== THE TASK ==
Copy the records exactly, leaving out every picture.

== Scraped caption text data ==
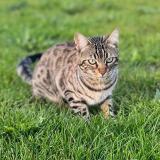 Photo de chat perdu à Tregueux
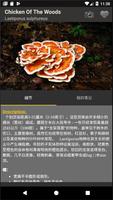 蘑菇追踪器 海报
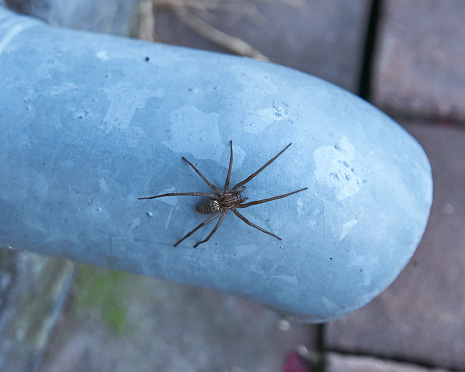 Domestic house spider sits on a drainpipe, close up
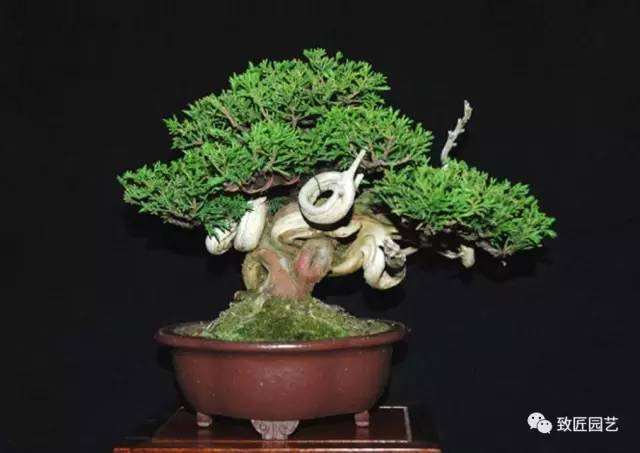 教你如何审美盆景作品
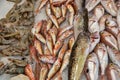 Shrimps, red mullet, litrini, mackerel fish on ice closeup Royalty Free Stock Photo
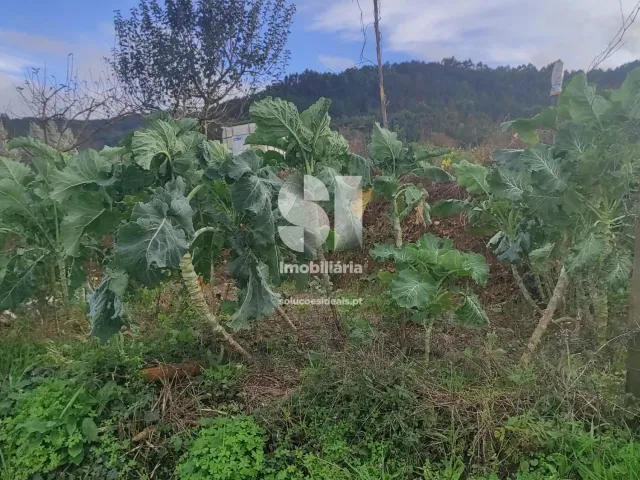 Terreno Urbano T0 - Lous�, Lous�, Coimbra - Miniatura: 16/18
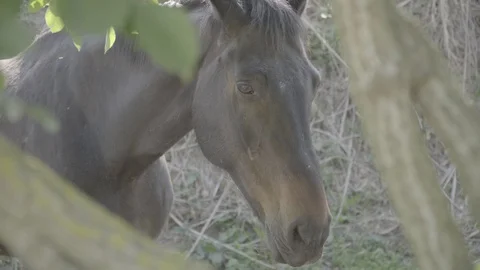 View of the horse through the branches of a tree Stockbeeldmateriaal 128281907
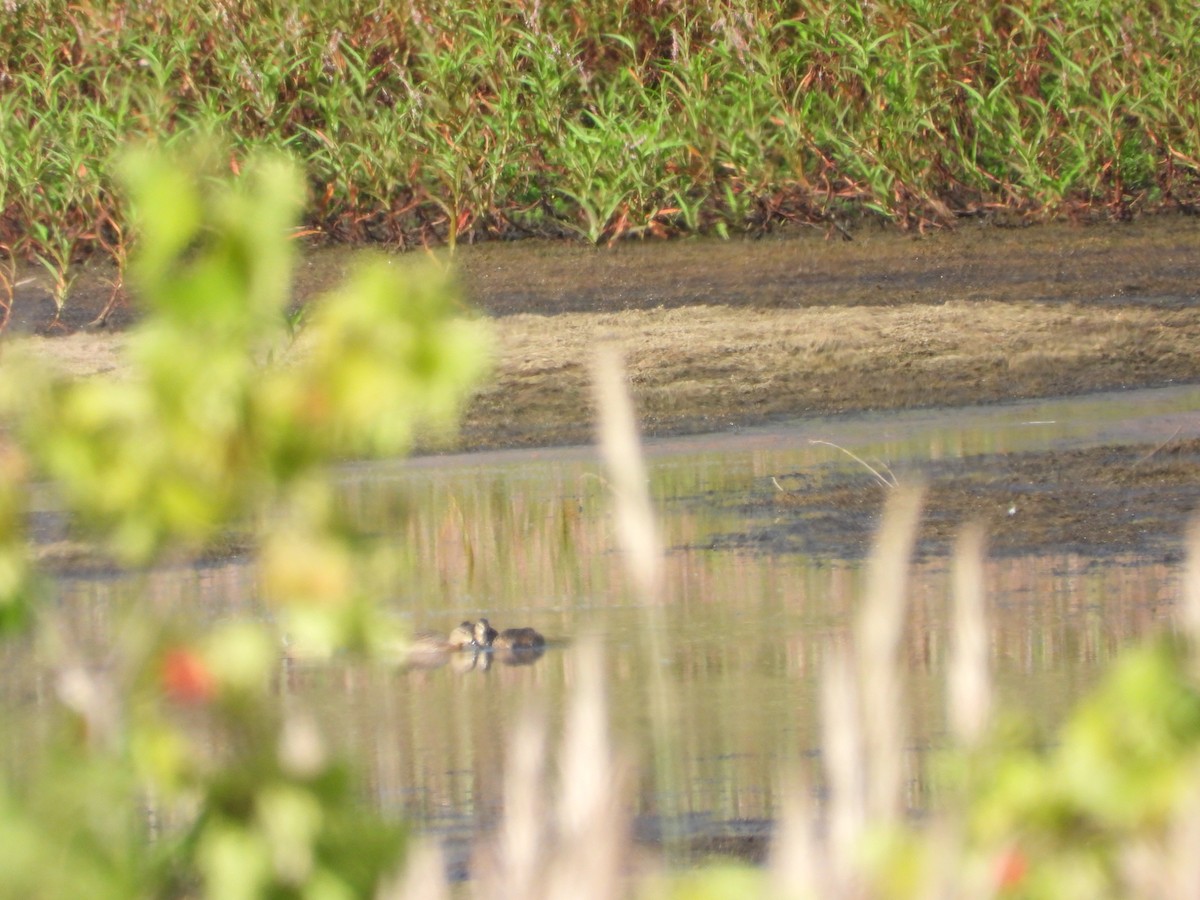 duck sp. - ML642915082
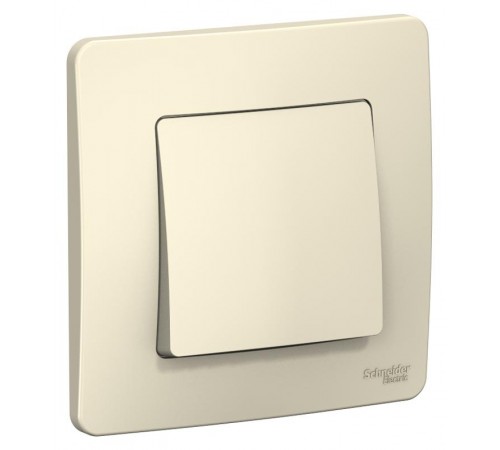 Blanca Молочный С/У Выключатель 1-клавишный, 6А, 250B  BLNVS006102  SE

== RESULT OF THE EXERCISE ==
 Photo de chat perdu à Tregueux
 蘑菇追踪器 海报
 Domestic house spider sits on a drainpipe, close up
 教你如何审美盆景作品
 Shrimps, red mullet, litrini, mackerel fish on ice closeup Royalty Free Stock Photo
 Terreno Urbano T0 - Lous�, Lous�, Coimbra - Miniatura: 16/18
 View of the horse through the branches of a tree Stockbeeldmateriaal 128281907
 duck sp. - ML642915082
 Blanca Молочный С/У Выключатель 1-клавишный, 6А, 250B  BLNVS006102  SE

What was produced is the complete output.